The type of treatment likely to be most effective for a patient depends to a significant degree on the type of Crohn’s disease from which he or she suffers. According to WebMD, there are five types. Their names come from the primary section of the digestive tract where the illness strikes.
Ileocolitis. This type strikes the ileum in the small intestine and also affects the large intestine, or colon. This is the most common type of Crohn’s disease. Patients can experience weight loss, diarrhea, cramping, pain or all of these symptoms. The site of the most pronounced discomfort is the middle or lower right side of the abdomen.
Ileitis. Individuals suffering from this category have disease affecting the ileum. Their symptoms are very similar to those of patients with ileocolitis. They sometimes experience complications such as fistulas or inflammatory abscesses.
Gastroduodenal disease. The area affected includes the duodenum – the first portion of the small intestine – and the stomach. The typical symptoms include nausea, weight loss and poor appetite. Vomiting can be a complication if narrowed segments of the affected intestine become obstructed.
Jejunoileitis. This type takes its name from the jejunum, the top half of the small bowel. Patients commonly suffer from sections of inflammation, cramping after they eat, fistulas, diarrhea and severe abdominal pain.

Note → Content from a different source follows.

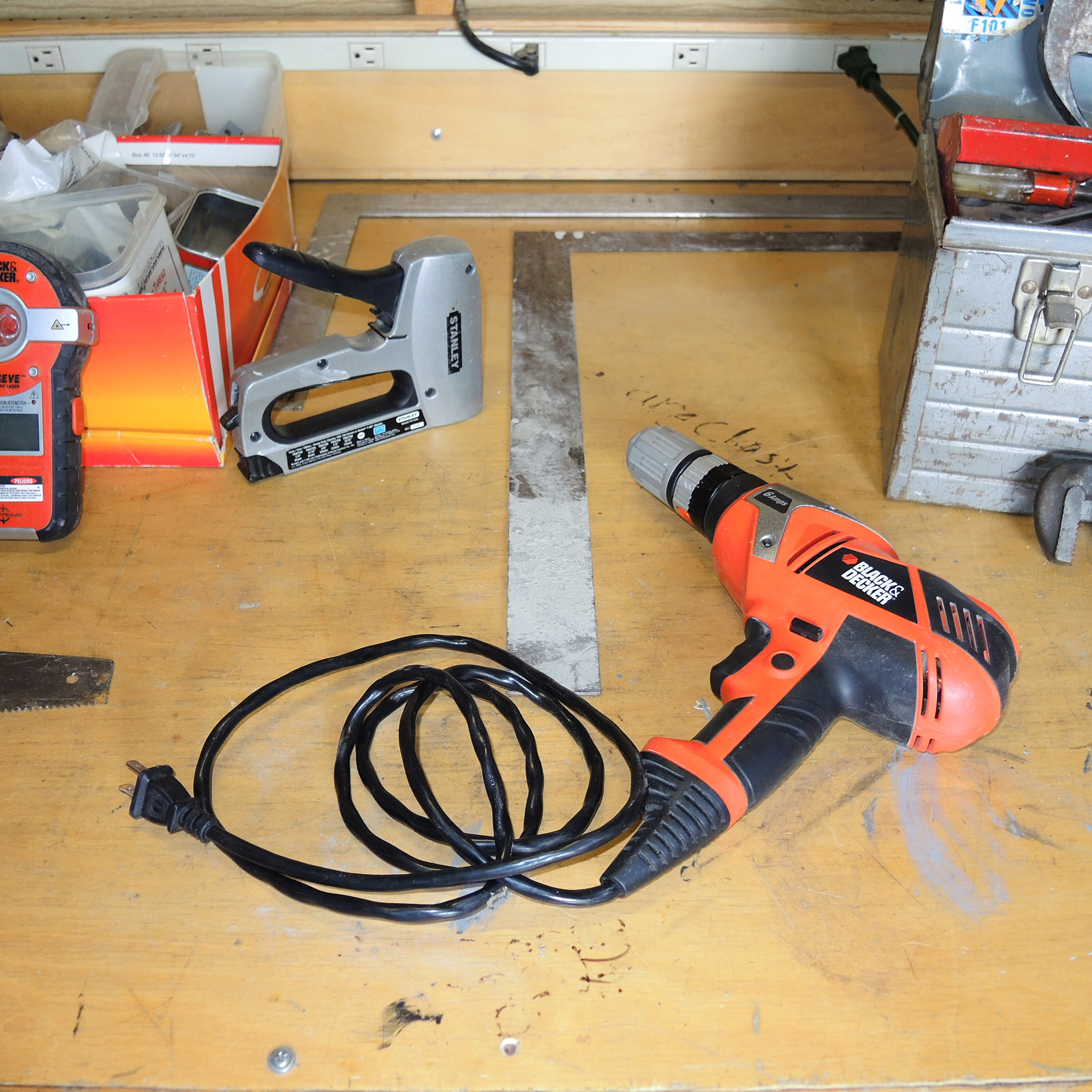 Large Work Bench, Hardware, Lamp, Hand Tools and More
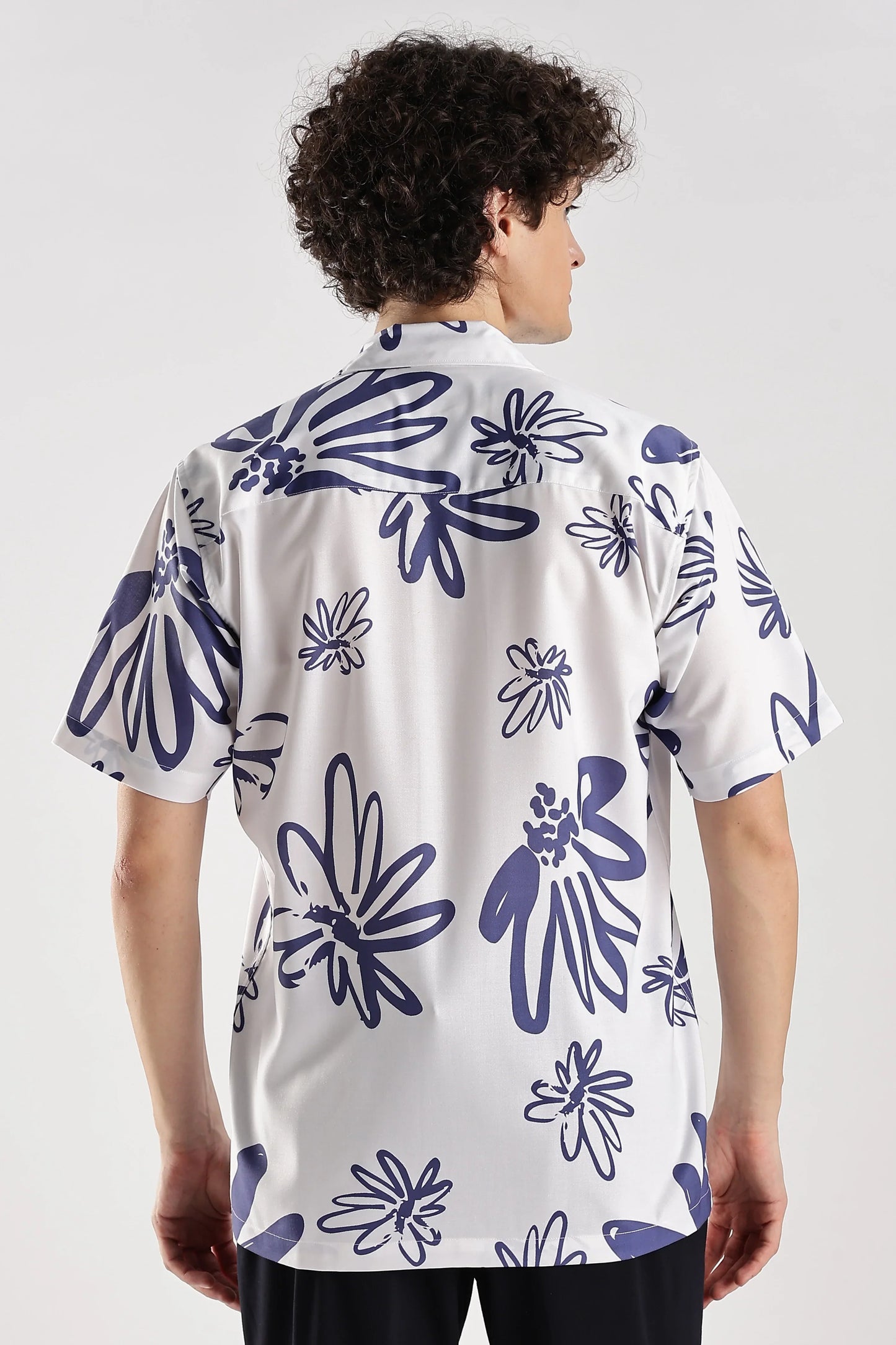 White floral printed hawaiian shirt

Granulomatous colitis. Also called Crohn’s colitis, it strikes only the colon. The most common symptoms are skin lesions, diarrhea, joint pain and ulcers, abscesses and fistulas around the anus.
Patients who receive a diagnosis of Crohn’s disease should make a point of asking the gastroenterologist or other health care provider exactly where the disease is located and what its type is. Although the disease sometimes occurs in skip patterns in the intestinal tract, each case falls into a primary type.
Most Crohn’s patients experience emergency trips to the hospital at some point during their illness. While medical personnel will perform a number of tests to determine the exact nature of the emergency, it’s important to let them know with which type of Crohn’s disease they’re dealing. This is particularly true when the patient has already undergone surgery to remove part of the digestive tract.
Individuals with IBD should always carry a list of their prescriptions. Those who use an emergency medical alert service should make sure to regularly update the medications they take. To avoid guesswork on the part of emergency medical personnel, the record should also include which of the types of Crohn’s disease the patient has.